Summaries of Published Opinions and Petitions for Rehearing and Certiorari, 0711 COBJ, Vol. 40, No. 7 Pg. 177

PositionVol. 40, 7 [Page 177]

40 Colo.Law. 177

Summaries of Published Opinions and Petitions for Rehearing and Certiorari

Vol. 40, No. 7 [Page 177]

The Colorado Lawyer

July, 2011

Colorado Supreme Court

The following summaries are provided by the Colorado Supreme Court. The Colorado Bar Association (CBA) cannot guarantee the accuracy or completeness of the summaries. The Court’s Opinions are available on the CBA website: www.cobar.org (click on “Opinions/Rules/ Statutes”).

Published Opinions: May 2011

May 9, 2011

No. 09SC263. Allen v. Steele.

No. 09SC781. Kendrick v. Pippin.

No. 10SC83. Sanchez-Martinez v. People.

May 16, 2011

No. 09SC527. Bailey v. Lincoln General Insurance Company.

No. 09SC218. Weinstein v. People.

No. 09SC224. Oram v. People.

No. 10SA22. People v. Gonzalez-Zamora.

May 23, 2011

No. 09SC534. Qwest Services Corp. v. Blood.

No. 10SA89. In the Matter of Foster.

No. 09SC697. Citizens for Responsible Growth, Elbert County v. RCI Development Partners, Inc.

May 31, 2011

No. 10SA361. People v. Klinck, Jr.

No. 09SA133. Burlington Ditch, Reservoir and Land Co. v. Metro Wastewater Reclamation District.

No. 09SC652. Townsend v. People.

No. 09SC879. Day v. Johnson, MD.

No. 09SC627. Lucht’s Concrete Pumping, Inc. v. Horner.

May 9, 2011

No. 09SC263. Allen v. Steele. Negligent Misrepresentation—Prospective Client—Existence of Attorney–Client Relationship.

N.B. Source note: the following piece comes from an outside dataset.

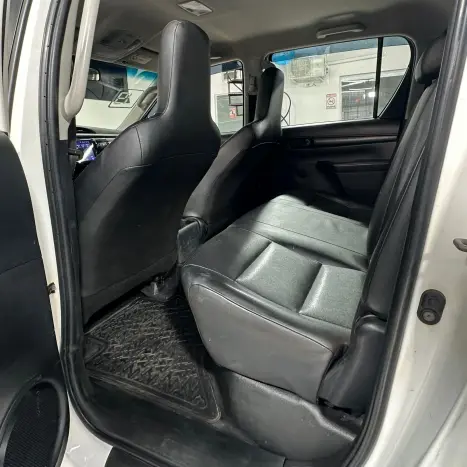 TOYOTA Hilux SW4 2.8 4P 4X4 TURBO DIESEL, Foto 15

The Supreme Court held as a matter of law that an initial consultation with an attorney to discuss a potential civil lawsuit is not sufficient to meet the element of “guidance of others in their business transactions.” Because plaintiffs did not plead sufficient facts to demonstrate that an attorney provided them with false information as guidance in a business transaction, plaintiffs failed to state a claim of negligent misrepresentation for which relief can be granted.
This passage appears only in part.